Na zijn geweldig getitelde debuut ‘Spanking the Monkey’, een
Sundance Film Festival-favoriet over de incestueuze relatie tussen
een zoon en een moeder (relax, ’t is een donkere komedie), verliet
David O. Russell de controversiële wateren voor een iets vlotter
verkoopbare en al even lekker getitelde opvolger. ‘Flirting with
Disaster’ is een alternatieve komedie die flirt met het commerciële
circuit (soms lijkt het wel een indieversie van ‘Meet the Fockers’,
très bizarre), zonder de weerhaakjes in te trekken.
Eigenlijk is het een gewiekste kruising tussen een praatkomedie
zoals Woody Allen ze graag heeft, een voorloper van de
disfunctionele ensemblekomedie zoals Wes Anderson ze later zou
maken én een evocatie van ouderwetse ‘comedy of errors’-komedies
waarin de misverstanden uitmonden in compleet absurde situaties
(tijdens de finale is het een knotsgekke screwballkomedie
geworden). Op die manier zoekt de film eigenlijk ook verwantschap
met het meer geschifte komediewerk van de broertjes Coen. O.Russell
wringt er echter ook een persoonlijke identiteit uit door
voorzichtig te strooien met satire op Amerikaanse tradities (bed
and breakfasts sucken!) en ingeburgerde waarden die tot
een gezond (Amerikaans) huwelijk moeten leiden. Hij slingert
hangijzers als seksuele identiteit, relatiecrisissen, overspel, het
‘nature vs. nurture-debat’, de zoektocht naar de individualiteit,
,drugs en gelijke rechten voor homo’s zowel tegen conservatieve als
progressieve muurtjes, zonder dat het pretentieus of al te genaveld
filosofisch wordt.
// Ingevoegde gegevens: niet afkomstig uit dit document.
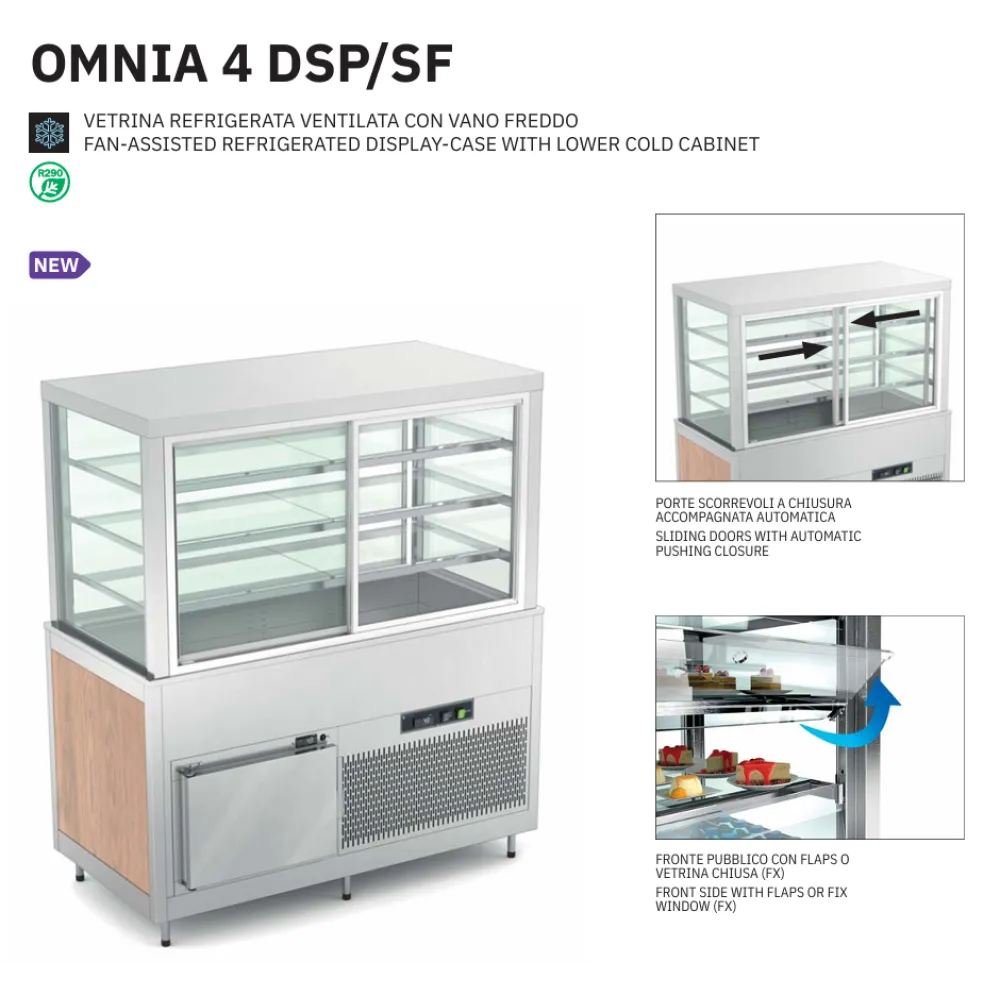 AR VENTILATORU DZESĒJAMA VITRĪNA AR APAKŠĒJU AUKSTO NODALĪJUMU OMNIA 4DSP/SF (01900OMNDSP/SF)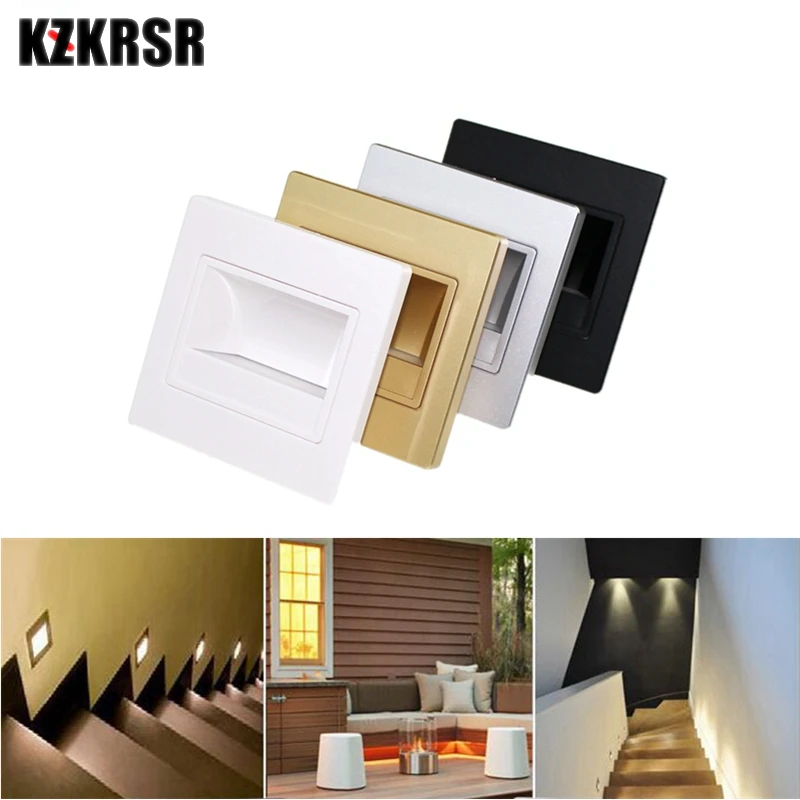 Us 9 6 Kzkrsr Led Stair Lights Ac85 240v Wall Lamp Indoor Lighting Home Decoration Modern Led Ground Footlights Stairway Lamps 86 Box In Led Indoor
Iets wat van ‘I Heart Huckabees’ net niet kon
gezegd worden. Het zijn lichte prikken, die subtiel verwerkt worden
in een energieke roadtrip die het zeker niet laat om af en toe de
onnozele spast uit te hangen.
Maar toch is ‘Flirting with Disaster’ geen voorloper van wat
later de voorspelbare Ben Stiller- krijgt-op-zijn-kop-komedie zou
worden. Daarvoor is het verhaal te intelligent, te subversief
(‘I guess it’s just one of those ex-felon, pro-acid kind of
non-smoking homes’) en te origineel in elkaar gezet. De
personages zijn uiteindelijk weinig meer dan disfunctionele
typetjes (Ben Stiller wordt zelfs letterlijk geadresseerd als
‘neurotic guy’), maar ademen toch een zekere herkenbare onzekerheid
uit die hen zachtjes boven de stereotiepen laat uitstijgen. Het
komt er niet volledig uit, omdat ze te vaak in functie staan van de
vergezochte situaties, maar mede dankzij de geslaagde casting,
krijg je toch het gevoel dat je naar mensen zit te kijken die niet
zo ver naast de werkelijkheid lopen.
De acteurs zijn in goede doen en springen kwiek op het sappige
materiaal. Patricia Arquette is gevoelig en sympathiek, Ben Stiller
staat nog niet op autopiloot het kneusje uit te hangen en Téa Leoni
– aka mevrouw David Duchovny – slaagt erin om de irritante neuroot
te spelen zonder dat je spontaan zin krijgt om haar schedel in te
beuken. Maar het zijn de bijrollen die voor de grootste
fun en leukste dialogen zorgen. Vooral Lily Tomlin en Alan
Alda zijn geweldig op dreef als geflipt ouderkoppel dat een kleine
LSD-fabriek draaiende houdt in de kelder. Ook Joshh Brolin (dit
jaar nog als herontdekking in ‘No Country for Old Men’) en Richard
Jenkins staan scherp als het gay couple dat onverwacht
deelneemt aan de disfunctionele roadtrip voor gevorderden. Brolin
levert trouwens het meest memorabele moment van de film af met zijn
nogal bizarre okselfetisj.
Met ‘Flirting with Disaster’ schurkt onafhankelijke geest David
O. Russell dicht aan tegen de grenzen van de stereotiepe
mainstreamcinema waar hij eigenlijk de spot mee drijft, maar de
driftkikker voorziet zijn ‘comedy of neuroses’ van genoeg
quirky ideeën om het origineel en fris te houden. Zeker
niet zijn beste film, daarvoor is het allemaal te vluchtig en
onevenwichtig, maar het zelden aflatende tempo, het naar
screwballhoogdagen knipogende absurdisme en de goeie vertolkingen
maken er wel een leuke disfunctionele komedie van waar zelfs
opperneuroten Woody Allen en Larry David smakelijk langs de neus
weg bij zullen gniffelen.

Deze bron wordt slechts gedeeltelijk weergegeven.